FC Analysis and Decision
The taxpayer correctly argued that ITA s. 221.2 does not require consideration of the circumstances leading to a failure to file and certainly does not make that an exclusive factor in the exercise of the CRA’s discretion. The taxpayer also correctly argued that the requirement to demonstrate “extraordinary circumstances” is inconsistent with the purpose of ITA s. 221.2, which is to provide flexibility and ensure the payment of tax in a manner that ensures that a taxpayer’s debts will be fully resolved. The FC held that while the circumstances of a failure to file may be considered, they are not the only considerations the CRA may take into account. Further relevant considerations include the solvency of the taxpayer and the need to resolve tax liabilities. The record before the FC showed no consideration or weighting of all of the information put before the CRA decision makers, despite the fact that the CRA’s guidelines expressly state that a taxpayer’s circumstances must be fully considered and each case must be decided on its own merits. Therefore, the CRA’s denial was unreasonable and the request was sent back to the CRA for redetermination.
Need for Reform
Pomeroy is a further welcome decision following the FC decision earlier this year in Cybernius Medical Ltd. (2017 FC 226), where the FC held the CRA’s decision to refuse re-appropriation was unreasonable and counter to the purposes of the ITA. Cases such as Pomeroy and Cybernius, along with personal experiences of tax advisors trying to resolve these issues, provide a basis upon which to criticize the CRA’s approach to re-appropriation as fundamentally misguided and extraordinarily rigid. The ostensible policy reason for the enactment of s. 221.2 was to save businesses money and improve their cash-flow management by allowing greater flexibility in transferring funds between their tax accounts, including where they may have paid more than required on one of their program accounts (see Revenue Canada Press Release, June 15, 1992 “Improved Cash-Flow Flexibility for Business”). The revenue authority touted benefits including responsiveness to the needs of business, improved cash flow management, removing unnecessary rules and regulations and saving time and money. The CRA’s draconian approach seen in recent years, however defeats these policies.
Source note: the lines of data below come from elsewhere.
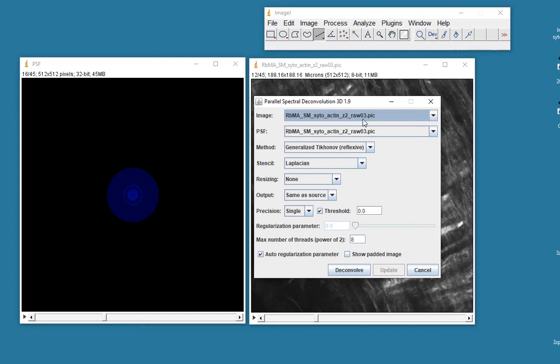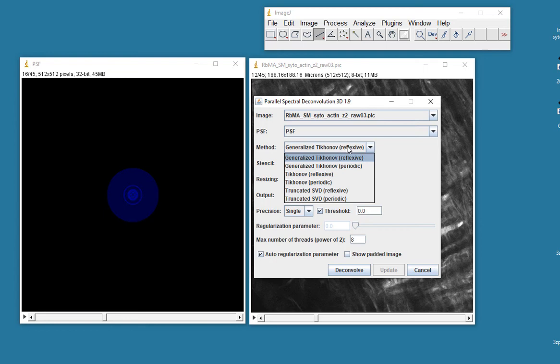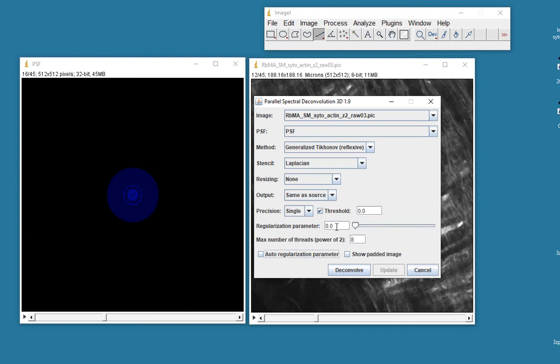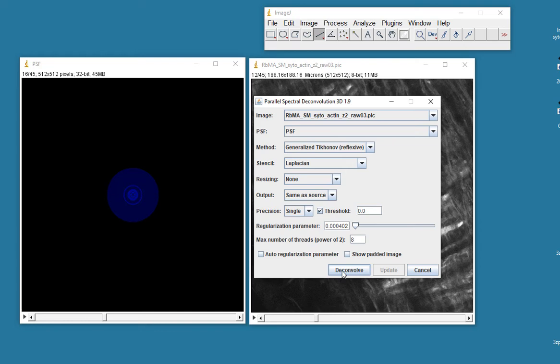Okay, my image is .raw03.pic, so it's that dataset. My point spread function is this one called PSF. And here I have a choice of different types of methods. And actually, this one might work okay. I think this one works better. Let's try both of them. The generalized Tikhonov reflexive. We don't want to auto-regularize. I'm going to use here a parameter of 0.00402. For no reason other than I have found this to be a particularly effective number. Let's just deconvolve this and see how it looks.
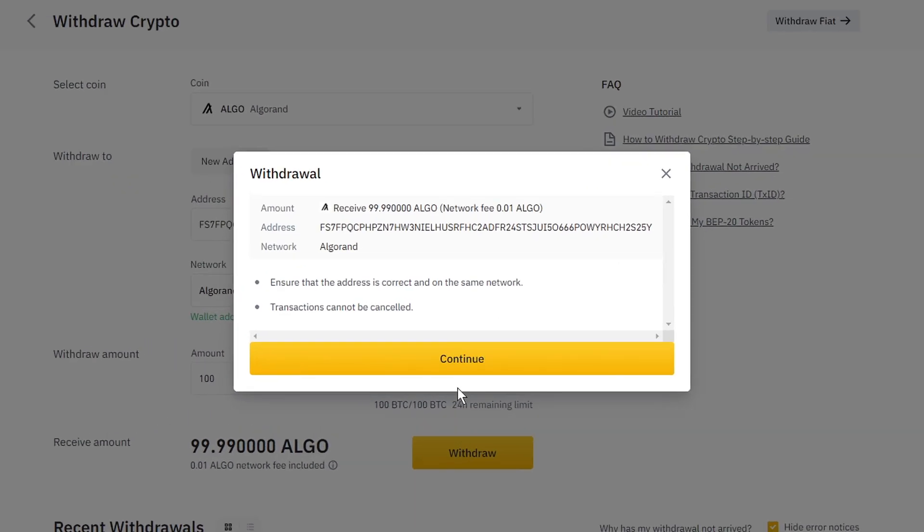Then there will be a pop-up looking similar to this one. Double check all the information to make sure you haven't made any mistakes and click on continue.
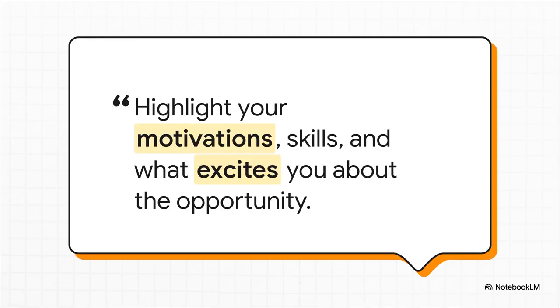Think about it like this. Your resume tells them what you can do, but your cover letter tells them why you want to do it. This is your one shot to tell them your story. Don't just list your skills. Connect the dots for them. Why Google? Why this program? What is it about this work that genuinely gets you excited? That passion is what makes an application jump out of the pile.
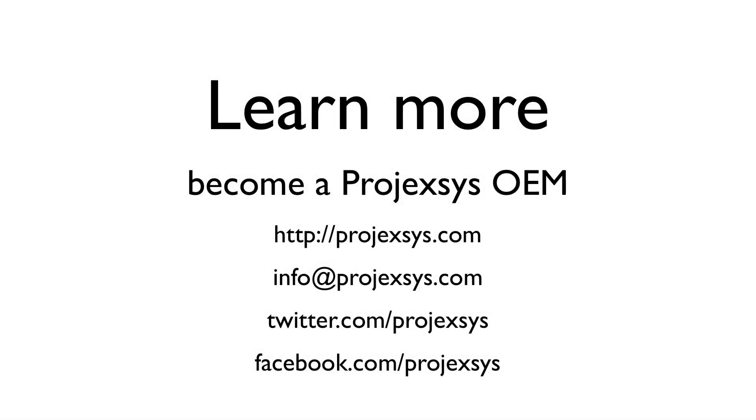Thank you for watching. We invite you to learn more about Hyper-UA and our vision for the future, and how your company can become a Projexis OEM. Please visit our website and feel free to shoot us an email with any questions you may have. You can also find us on Twitter and Facebook.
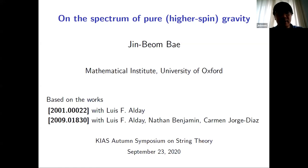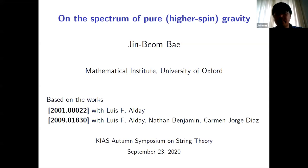I first thank the organizers for inviting me to this excellent workshop, and it is my great pleasure to share our recent progress in this area with you. Today's talk is titled 'On the Spectrum of Pure Higher Spin Gravity,' and this work is based on my recent two papers: the first with Luis Fernando Alday at Oxford, and the second with Fernando Alday, Nathan Benjamin at Princeton, and Carmen Jorge Diaz at Oxford.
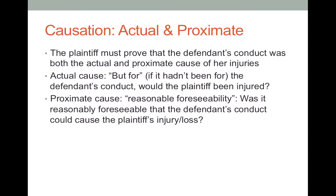Let's take a simple example. Suppose you're driving on the road and a drunk driver rear-ends you. Did the drunk driver's conduct actually cause harm to you? But for the fact that the drunk driver got drunk, got in the car, and drove carelessly, would you have been rear-ended on that day at that time? No — the drunk driver's conduct actually caused your injury. That's a simple one.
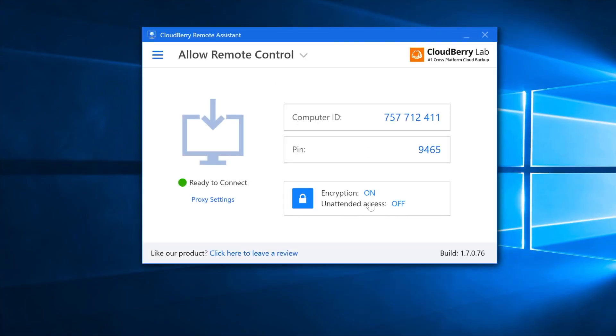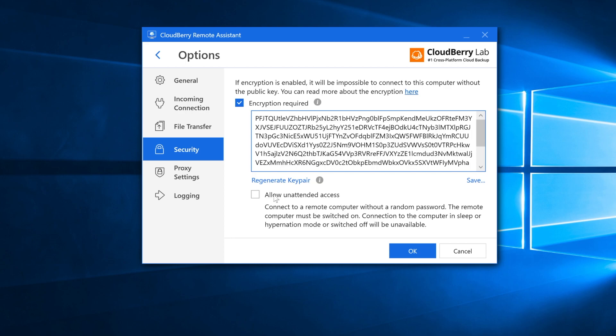So in order to use unattended access, you should enable it in the settings. Go to settings, to security, and select the allow unattended access checkbox and click OK.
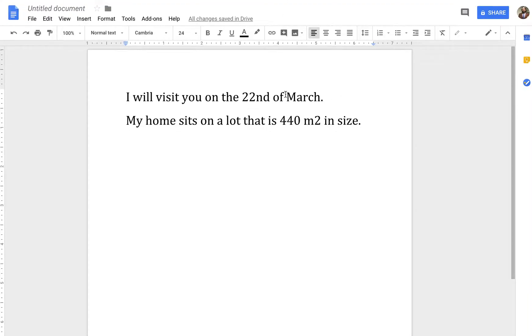So I have two sentences here. I will visit you on the 22nd of March, and my home sits on a lot that is 450 meters squared or square meters in size.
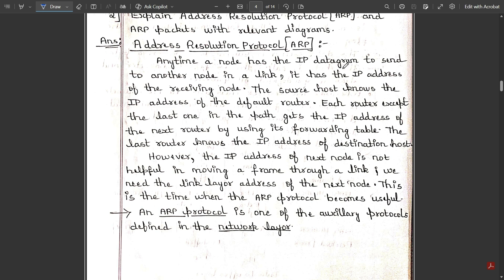Anytime a node has an IP datagram to send to another node in a link, it has the IP address of the receiving node. In order to send data from sender to receiver, if you represent using nodes, one node acts as a sender and the next node acts as a receiver. The connection formed in between is called a link. The node has the IP address of the receiving node because the data being sent from the sender side is getting stored at that next node.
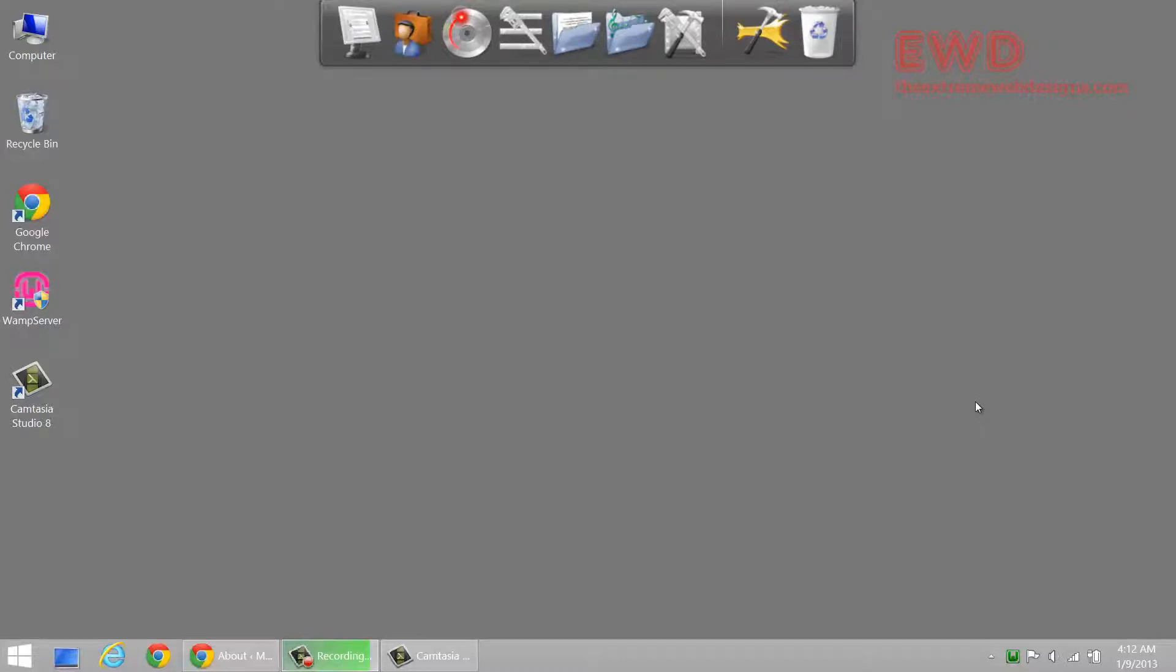Hello everybody, this is Rocky and in this video I'm going to show you how to hide or show the desktop icons in Windows 8. There are two ways of doing this so make sure that you watch the entire video. So let's get started.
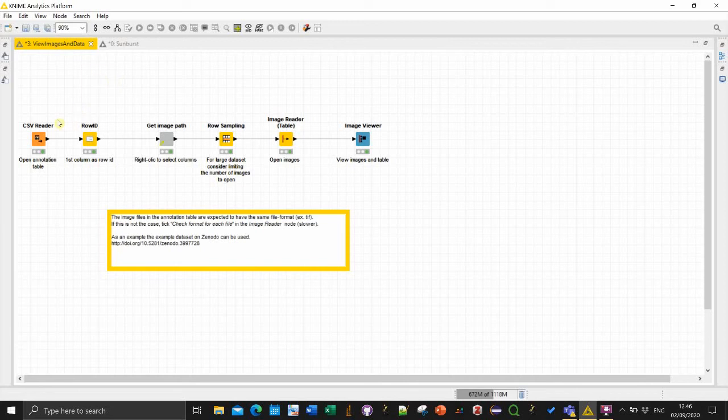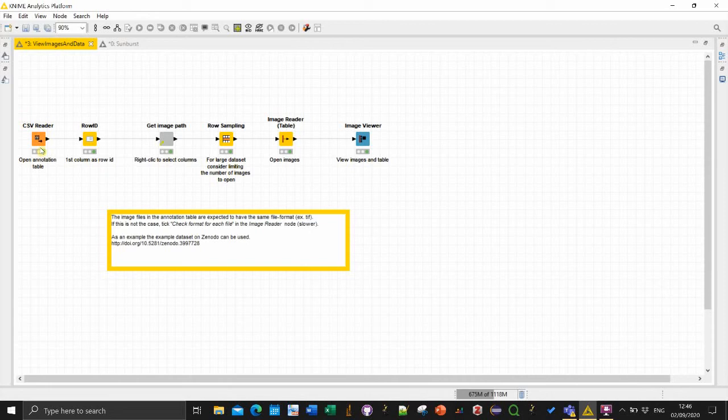So as every workflow it starts from the left to the right. The table is loaded via this CSV reader node. In the other workflow sometimes I use a file reader but the result is the same.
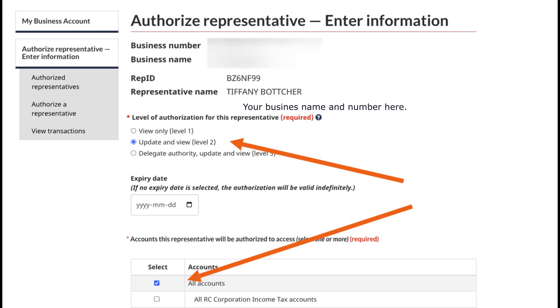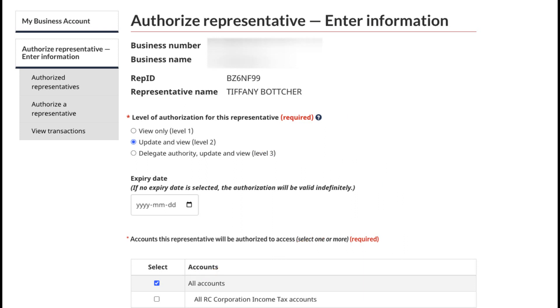Once you have clicked 'All Accounts,' added in the correct authorization level, no expiry date is required — you will then submit the application.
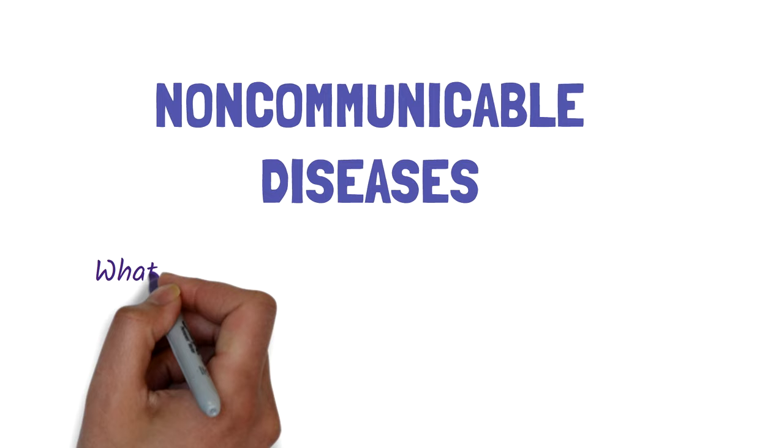Hello, and welcome to this video on non-communicable diseases. We'll take a look at what they are and some key features about them.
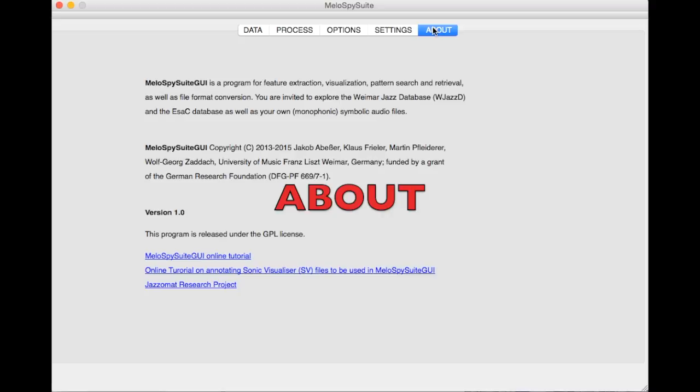Finally, in the last tab you can find further information about the Jazzamart research project. In the next tutorial we'll have a closer look at how to select melodies in the Data tab.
Moreover, the ITA already includes provisions that penalize late-filers, including ss. 162(1), which is limited to a maximum of 17% of unpaid tax, and ss. 162(2), which is limited to a maximum of 50% of unpaid tax. The punitive effect of statute-barred credits under ITA ss. 164(1) is theoretically unbounded and, in typical cases, vastly worse than the CRA deploying the ITA’s late-filing penalty regime.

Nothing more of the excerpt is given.